Monday, July 16, 2007
“No, I Don’t Own THAT!” or, “Let’s Not Take Ourselves So Seriously - We Read Comics, For Cryin’ Out Loud.”
(Originally posted at Komikazee. Edited.)
If there’s one thing every long-time comics fan probably has in common, it’s that there are some comic books in our collection that we’re not quick to admit we have.
No, no, own up. In the very back of that long box, with no classification and under no specific filing, there is at least one four-color-ish periodical that, though you’re loathe to part with it for some inconceivable reason, you don’t want anyone to know about. Ah, the sensitive psyche of the highly-evolved comics fan.
“Evolved, you say?” I do, indeed. And, while the following may not be exactly how it happens for every collector, based upon my own experience and observations, as well as that of many folks who I've observed and with whom I’ve conversed, it’s in the ball park.
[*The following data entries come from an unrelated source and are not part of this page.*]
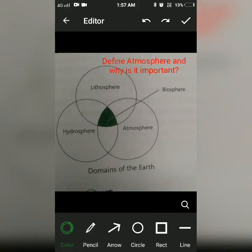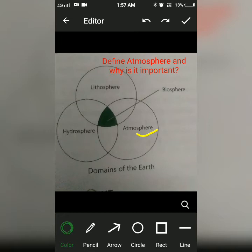The next question is: define atmosphere and why is it important for us. The atmosphere is the layer of air around the earth that envelops us. It extends up to more than a thousand kilometres above the earth's surface. It is held around the earth by its gravitational force.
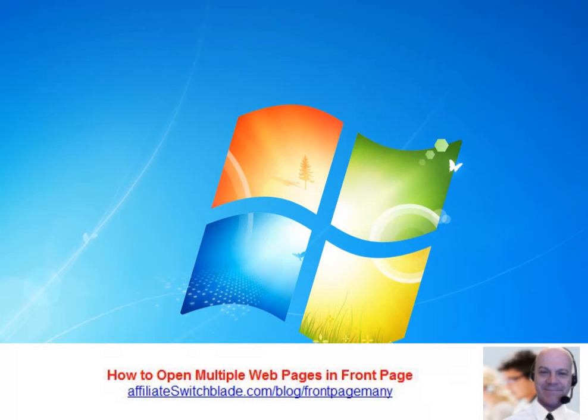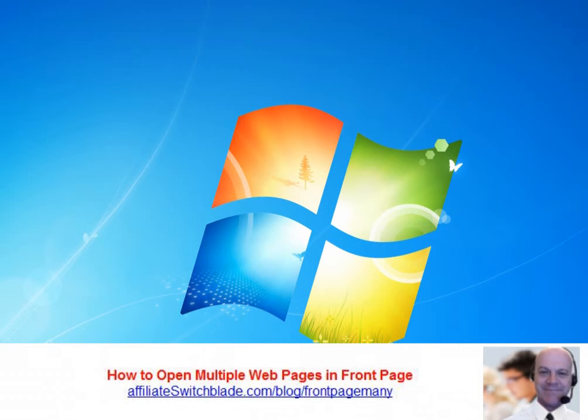I always, until very recently, thought you could only open one webpage at a time, which is really a pain in the neck at times, especially if I had a lot of webpages that I wanted to make edits to. Well, I recently learned how you can open multiple webpages at the same time within Microsoft FrontPage, and I'm going to show you how to do that now.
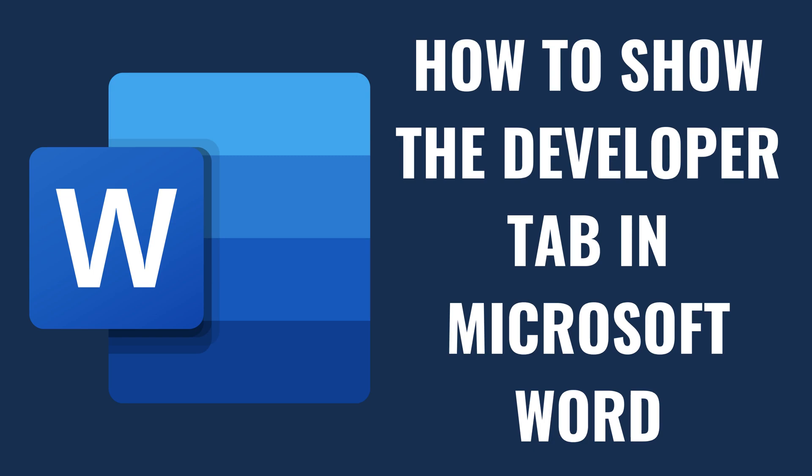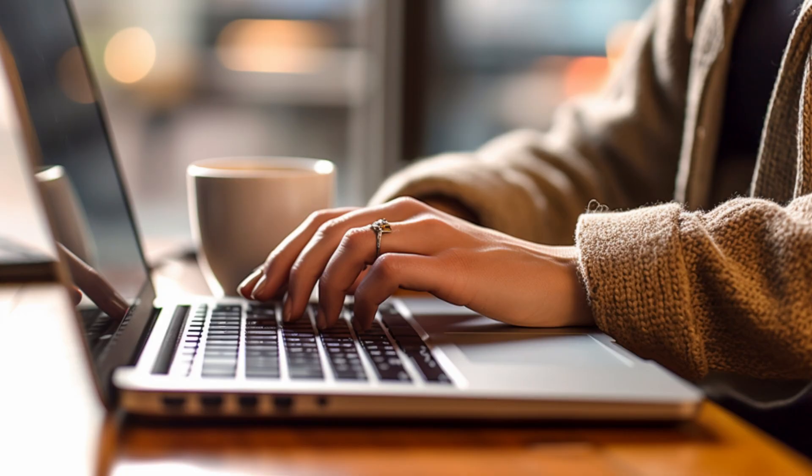I'm Max Dalton, and in this video I'll show you how to show the Developer tab in Microsoft Word.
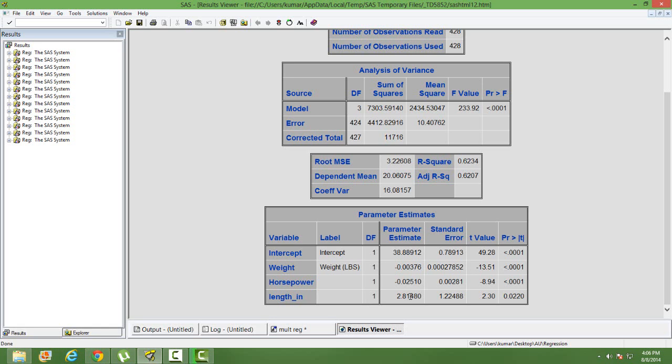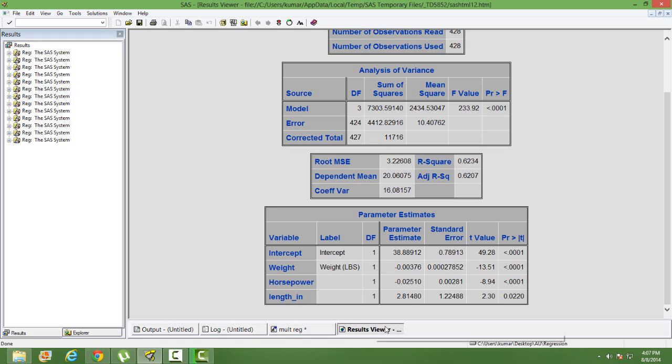That is the way we interpret. Let me summarize it. We interpret the dummy variable in this way: given all other variables remaining the same, the mileage difference between the vehicle having length greater than 220 is 2.8 units more than the mileage of the vehicle having length less than 220. That is how we interpret a dummy variable.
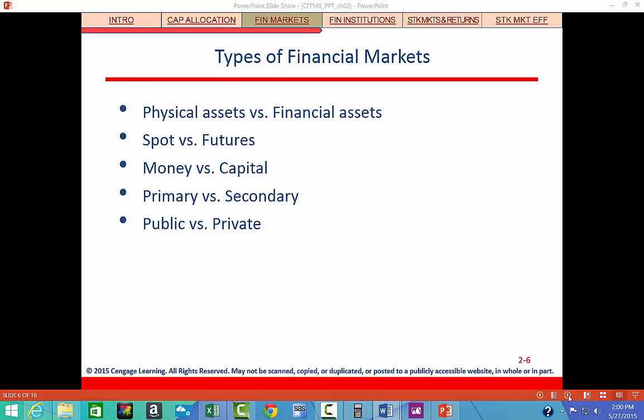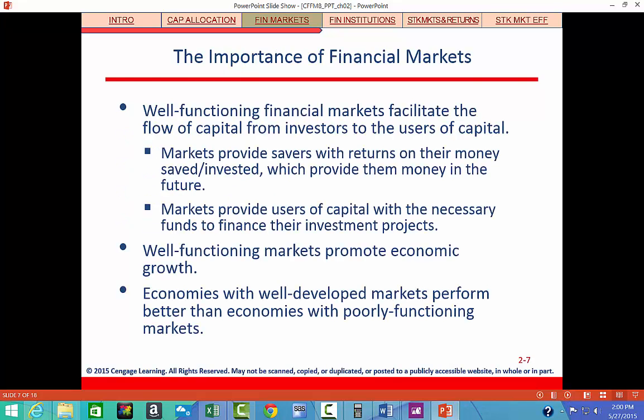So why are markets important? In a global context, economic development is highly correlated with the level and efficiency of financial markets and institutions. It's difficult for an economy to reach its full potential if it doesn't have access to a well-functioning financial system. A healthy economy is dependent on efficient fund transfers from people who are net savers to firms and individuals who need capital, or who are net borrowers.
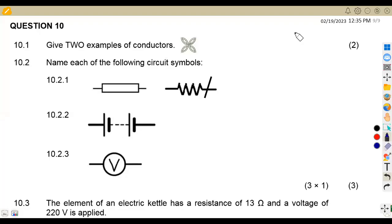Hello guys, welcome back to Maison African Motives, still on Engineering Science N1, Electricity. We have got the question February 2022 that we're going to focus on revising questions on electricity.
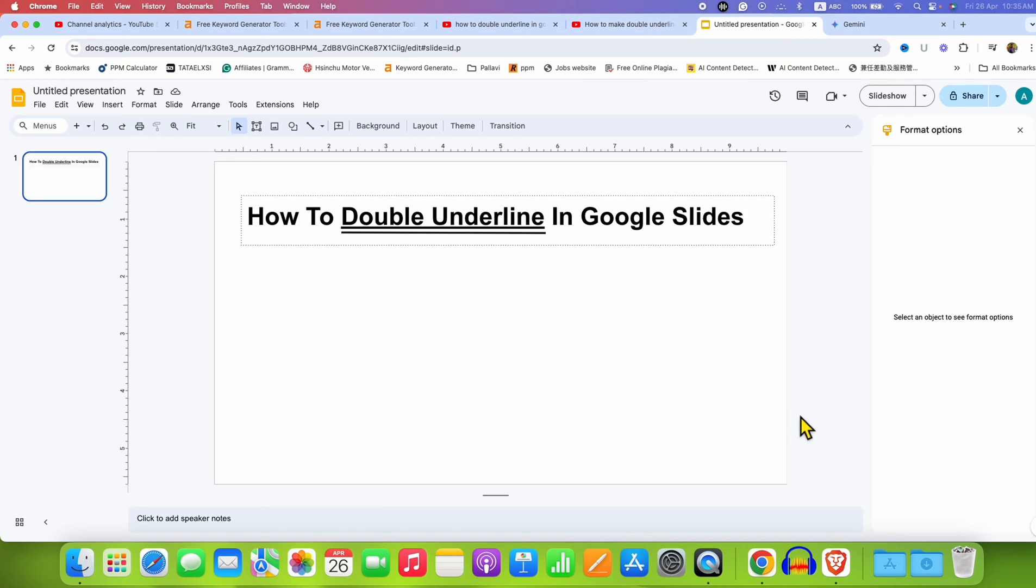In this video, you will see how to double underline in Google Slides. It's very easy.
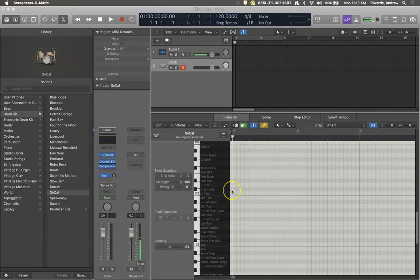Hello everyone and welcome to another Roaring Records tutorial. I hope you'll find this helpful. Today we're going to talk about how to create a drum fill.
You see, given time, the average collector grows quite discerning. Assuming the hobby is begun in childhood, it most likely progresses along these lines, or something similar: They begin collecting as many comics as possible, enamored simply with the sequential magic that brings such a distinctive kind of escapist entertainment. From there, they choose one or more favorite characters, seeking to acquire as many stories as possible containing that character - all of them, if possible. Eventually, they begin to notice the work of specific artists, selecting a favorite, and this leads them to follow the work rather than just a specific character. For a time, they may even seek to categorize their collection by artist, though this ill-conceived plan is usually, thankfully, short lived.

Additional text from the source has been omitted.